** Opening Supplied material block **

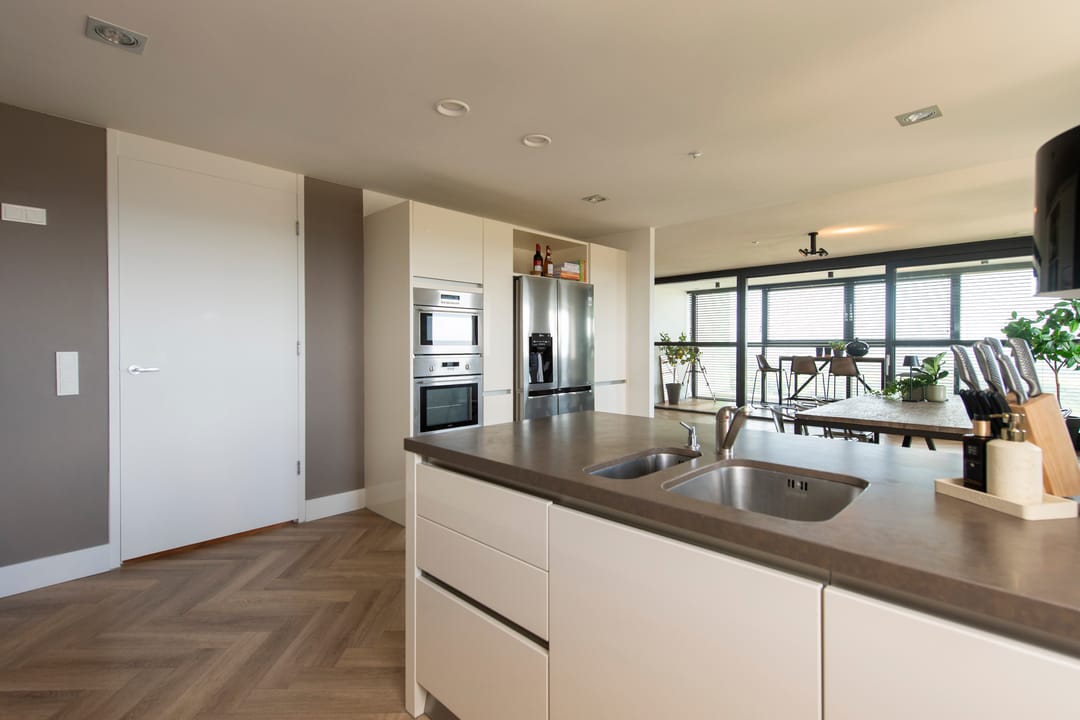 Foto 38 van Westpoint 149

** Closing Supplied material block **
** Opening Supplied material block **

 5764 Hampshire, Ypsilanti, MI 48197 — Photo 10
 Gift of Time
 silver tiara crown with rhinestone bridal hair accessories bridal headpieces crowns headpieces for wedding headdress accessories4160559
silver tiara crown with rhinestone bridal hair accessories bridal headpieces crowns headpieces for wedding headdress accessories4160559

** Closing Supplied material block **
** Opening Supplied material block **

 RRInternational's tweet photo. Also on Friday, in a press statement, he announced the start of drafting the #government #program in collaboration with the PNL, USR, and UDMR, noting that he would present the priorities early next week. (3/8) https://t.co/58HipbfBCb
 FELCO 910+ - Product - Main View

** Closing Supplied material block **

* Directions *
Lines containing the string "rhinestone" are the ones to copy from the entries above.

* Solution to this exercise *
 silver tiara crown with rhinestone bridal hair accessories bridal headpieces crowns headpieces for wedding headdress accessories4160559
silver tiara crown with rhinestone bridal hair accessories bridal headpieces crowns headpieces for wedding headdress accessories4160559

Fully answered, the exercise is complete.